KPK belum mengungkap siapa pejabat yang diduga menerima aset tersebut. Namun, pengusutan ini menjadi sinyal bahwa penyidik tidak hanya memburu aliran uang, tetapi juga menelusuri kemungkinan perpindahan aset bernilai jumbo yang berkaitan dengan proyek-proyek pemerintahan.
Budi juga meluruskan informasi mengenai pemeriksaan sejumlah nama.
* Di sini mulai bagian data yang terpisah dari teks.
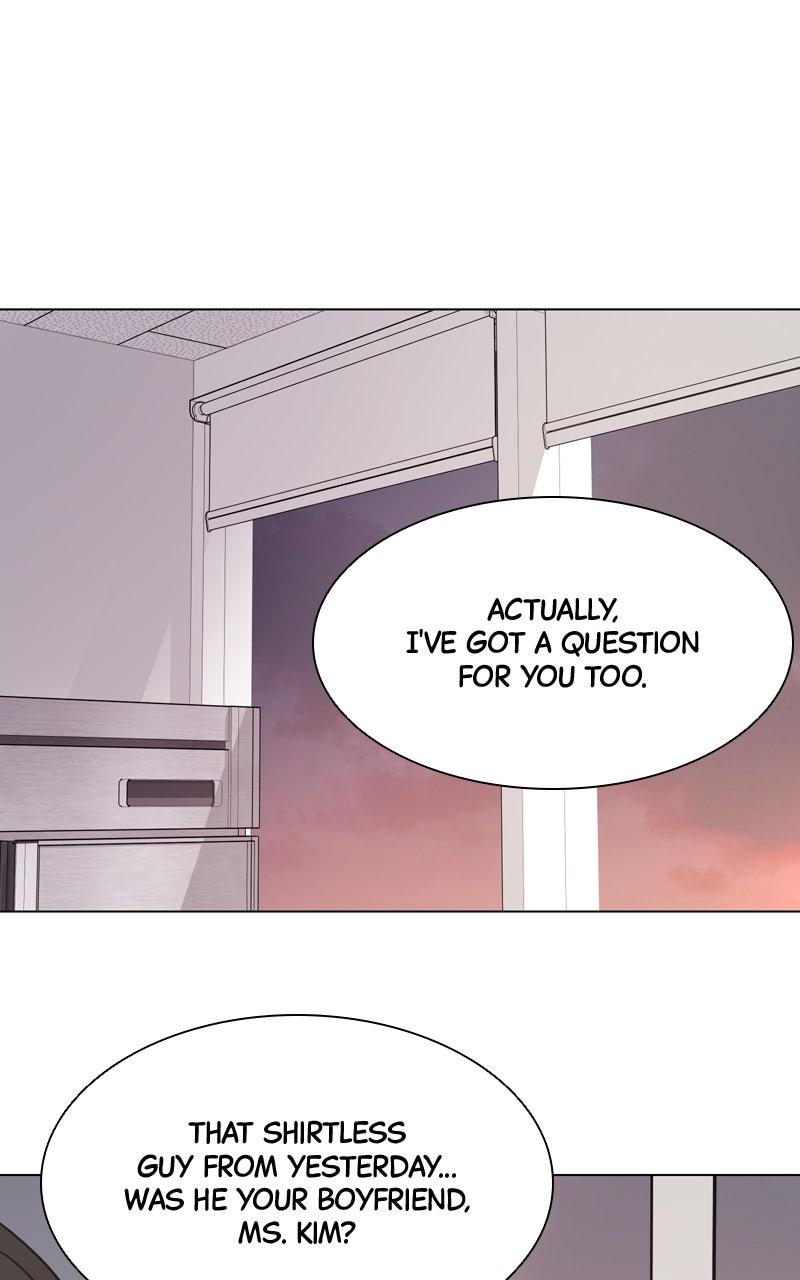 Date or Die Episode 24 68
Ia menegaskan KPK tidak memanggil Kepala Dinas PUPR Kota Bengkulu Noprisman maupun Anggota DPRD Kota Bengkulu Vinna Ledy Anggraheni untuk diperiksa dalam agenda tersebut.
Sementara itu, KPK memeriksa Hendra Okta, aparatur sipil negara (ASN) pada Dinas PUPR Kota Bengkulu.
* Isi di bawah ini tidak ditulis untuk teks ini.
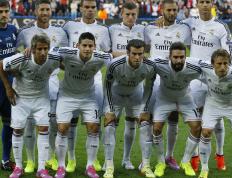 开云体育在线-当红牛遇见雄鹰，伊布传奇之夜点燃墨西哥城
Penyidik, kata Budi, akan mendalami keterkaitan Hendra dengan pengerjaan proyek-proyek di Kota Bengkulu.
“Penyidik tentu akan mendalami keterkaitannya dengan pengerjaan proyek-proyek di Kota Bengkulu,” katanya.
Kasus ini merupakan pengembangan dari perkara dugaan korupsi berupa suap ijon proyek di Kabupaten Rejang Lebong, Bengkulu, Tahun Anggaran 2025–2026.
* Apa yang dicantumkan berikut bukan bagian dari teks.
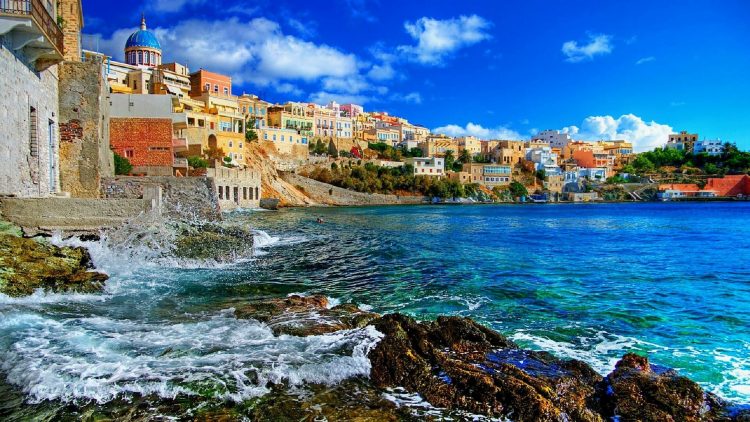 Atenție, turiști! Grecia introduce sancțiuni dure înainte de sezonul de vacanță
Dalam perkara tersebut, Bupati Rejang Lebong Muhammad Fikri Thobari telah ditetapkan sebagai salah satu tersangka.
KPK menduga perkara di Kabupaten Rejang Lebong memiliki kaitan dengan pihak swasta yang juga diduga terlibat dalam perkara di lingkungan Pemerintah Kota Bengkulu.
Pengusutan kemudian melebar ke Kota Bengkulu. Penyidik melakukan serangkaian penggeledahan untuk mencari bukti terkait dugaan korupsi tersebut.
Salah satu lokasi yang digeledah adalah rumah Kepala Dinas PUPR Kota Bengkulu. Dari penggeledahan itu, penyidik menemukan dan menyita uang sekitar Rp4 miliar.
Temuan uang tersebut menambah bobot pengusutan KPK terhadap dugaan praktik korupsi yang kini merambah proyek dan pejabat di Kota Bengkulu.
KPK saat ini menggunakan Surat Perintah Penyidikan (Sprindik) umum dalam penanganan perkara tersebut. Artinya, penyidik masih mengembangkan bukti dan menelusuri pihak-pihak yang diduga memiliki keterkaitan.
KPK belum menetapkan tersangka baru dalam perkara tersebut. Namun, dugaan pemberian rumah, mobil, dan apartemen mewah menjadi salah satu aspek penting yang kini tengah dibedah penyidik.
Pengusutan ini pada akhirnya akan menguji dari mana aset-aset mewah tersebut berasal, kepada siapa diberikan, serta apakah pemberian tersebut berkaitan dengan proyek atau kepentingan tertentu di lingkungan Pemerintah Kota Bengkulu.